In the meantime, I’ll go back to my cave where I will be back doing the things that I usually do that force me away from writing posts like this one on a regular basis.

Same here. Minus the US law and plus semiconductors and crystals. I’ve also been “invited” to write papers about lots of things that I know next to nothing about (in particular statistical mechanics and condensed matter stuff). That might explain why I increasingly often, when I read a paper, have the impression the author has no clue what they’re talking about
It could get worse though:
http://www.nytimes.com/2011/10/16/books/review/do-androids-dream-of-electric-authors.html?pagewanted=all
Dear Mr Bernstein, we would like to invite you and Mr Leonard Susskind to record a new anthem for our banana multi-republic, the so-called European Union. It’s also composed by Beethoven and we have already checked that we are satisfied with your expertise:
HI Lubos:
Thank you for your invitation. I’ll gladly accept if you can show me where those bananas are grown and if I am satisfied that they are proper bananas with nothing funny in them. Then again, I might require payment in gold for my services.
Dear David,
I thought that bananas are being imported from Colombia and you should know them more than “we” do, unless it was drugs, of course. In Europe, ordinary bananas are not allowed. The closest thing that is allowed on our continent are eurobananas which differ from bananas (e.g. from Latin America) by a smaller extrinsic curvature, as described in EU directive No 2257/94.

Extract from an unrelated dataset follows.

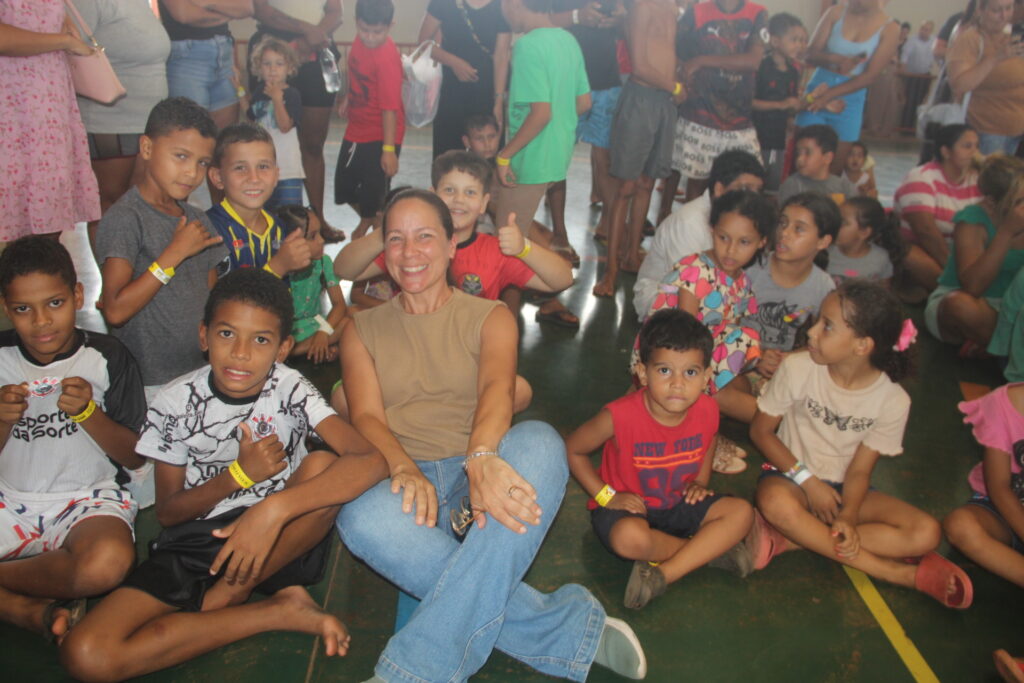 Magia, sorrisos e esperança marcam entrega de brinquedos em Três Lagoas Magia, sorrisos e esperança marcam entrega de brinquedos em Três Lagoas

http://en.wikipedia.org/wiki/Commission_Regulation_(EC)_No_2257/94
That’s also why bananas can’t be imported from Latin America which is why my comment is inconsistent.
Good luck
Luboš
I think complaining about this is a well established milestone in a physicist’s career. Other career milestones advertised to the world through tongue-in-cheek complaints are
- no time to do real work because of requests for peer review that I am receiving
- my inbox is filled with crackpot emails asking me to confirm their faster than light theories
- my PhD students consume so much of my time that I can’t find time for real research
- traveling around the world for my book tour, I am so exhausted
- I have to attend so many ceremonies giving me honorary degrees and those lectures I need to give at graduation events…
- then luckily one day you will be complaining how fame is leaving no time for real research after that call from Stockholm
I’m working my way up the ladder.
I hate to bring up politics, I don’t think that the use of pepper spray was warranted at UC Davis, but when I try to think of songs of solidarity with college students, all I can come up with is this…is that wrong?